Hello everyone, I am new here so please be gentle. I need to parse some JSON and convert to a Dataframe but am having the difficulty in getting the right format. The ultimate goal is to put the data in a Google BigQuery table. The following is sample data but the idea is the same.
JSON:
JSON:
{ 'data': { 'max_age': '', 'now': '2020/02/18 12:21:35 GMT-0000', 'result': [ { 'age': 0, 'saved_question': 0, 'Applicant_id': '678345783', 'columns': [ { 'field_id': 5634564356, 'name': 'Applicant Name' }, { 'field_id': 35884245, 'name': 'Applicant Address' }, { 'field_id': 245676734, 'name': 'Applicant age' }, { 'field_id': 345694546, 'name': 'Count' } ], 'count_employees': 2100, 'id': 15036122, 'employee_count': 2100, 'rows': [ { 'eid': 2971220455, 'data': [ [ { 'text': 'John Smith' } ], [ { 'text': '21' } ], [ { 'text': 'Rock Star' } ], [ { 'text': '1' } ] ], 'tid': 3622122231 }, { 'eid': 18444835, 'data': [ [ { 'text': 'Jane Doe' } ], [ { 'text': '65' } ], [ { 'text': 'Retired' } ], [ { 'text': '1' } ] ], 'tid': 1301620287 },Code:
with open('signals.pickle', 'rb') as outfile: json_data = pickle.load(outfile) something = json_normalize(json_data, record_path =['data','result','rows'[0:]]) something2 = something.pivot(index='cid', columns=['data'[0:]], values=[['data'[0][0]]]) print(something.head(10))Traceback:
Error:Traceback (most recent call last):
File "test.py", line 90, in <module>
something2 = something.pivot(index='cid', columns=['data'[0:]], values=[['data'[0][0]]])

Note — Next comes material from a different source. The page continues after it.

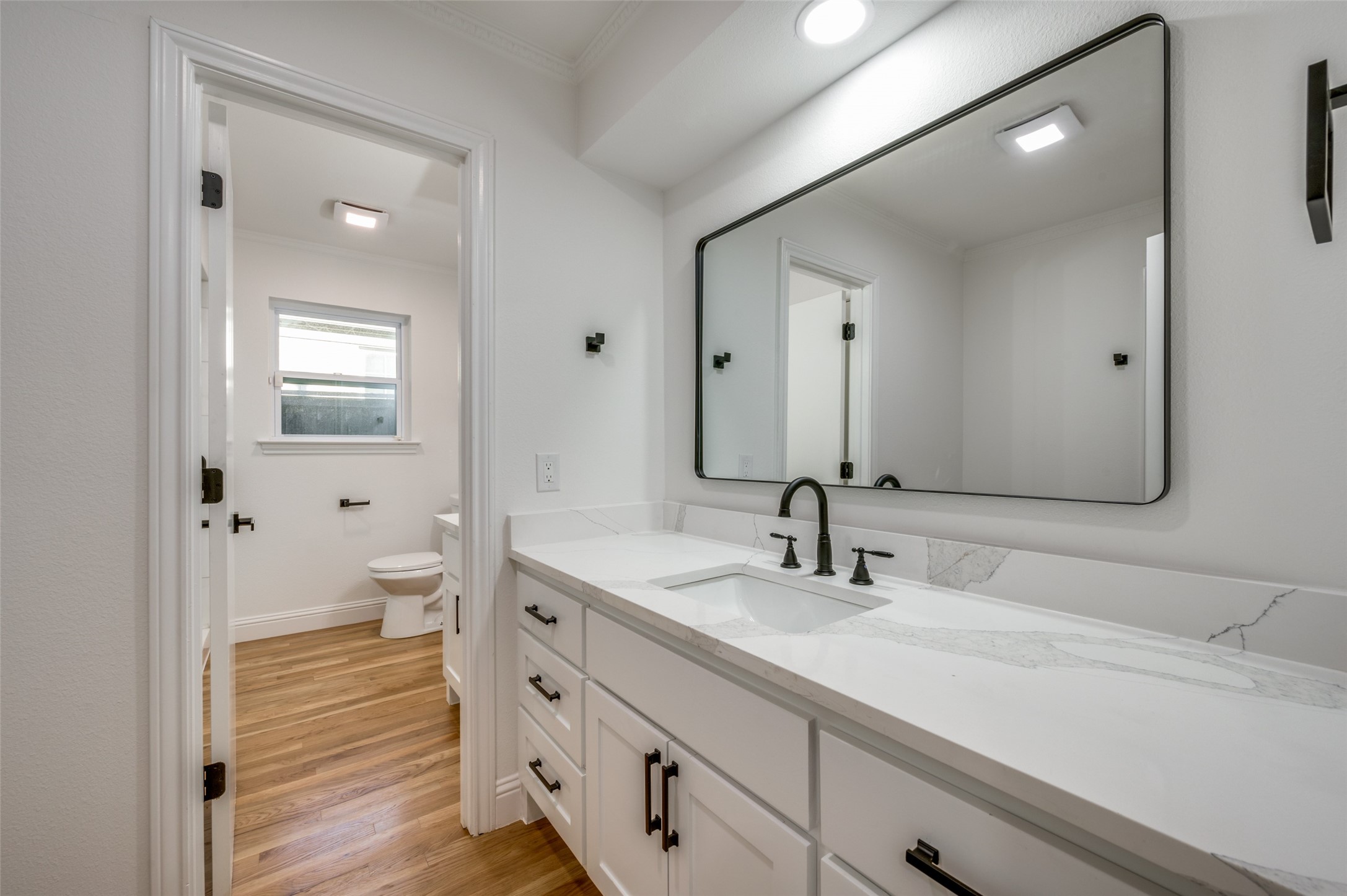7018 Deloache Dallas TX 75225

File "C:\XXXXX\XXXXX\XXXXX\XXXXX\XXXXX\XXXXX\XXXXX\XXXXX\XXXXX\XXXXX\XXXXX\XXXXX", line 5912, in pivot
return pivot(self, index=index, columns=columns, values=values)
File "C:\XXXXX\XXXXX\XXXXX\XXXXX\XXXXX\Python\Python37\lib\site-packages\pandas\core\reshape\pivot.py", line 426, in pivot
data[values].values, index=index, columns=values
File "C:\XXXXX\XXXXX\XXXXX\XXXXX\Programs\Python\Python37\lib\site-packages\pandas\core\frame.py", line 2981, in __getitem__
indexer = self.loc._convert_to_indexer(key, axis=1, raise_missing=True)
File "C:\XXXXX\XXXXX\XXXXX\Local\Programs\Python\Python37\lib\site-packages\pandas\core\indexing.py", line 1271, in _convert_to_indexer
return self._get_listlike_indexer(obj, axis, **kwargs)[1]
File "C:\XXXXX\XXXXX\XXXXX\XXXXX\Programs\Python\Python37\lib\site-packages\pandas\core\indexing.py", line 1078, in _get_listlike_indexer
keyarr, indexer, o._get_axis_number(axis), raise_missing=raise_missing
File "C:\XXXXX\XXXXX\XXXXX\XXXXX\Programs\Python\Python37\lib\site-packages\pandas\core\indexing.py", line 1163, in _validate_read_indexer
key=key, axis=self.obj._get_axis_name(axis)
KeyError: "None of [Index([('d',)], dtype='object')] are in the [columns]"
I have tried several different ways of doing this and decided this was probably the best. Any ideas are obviously welcome.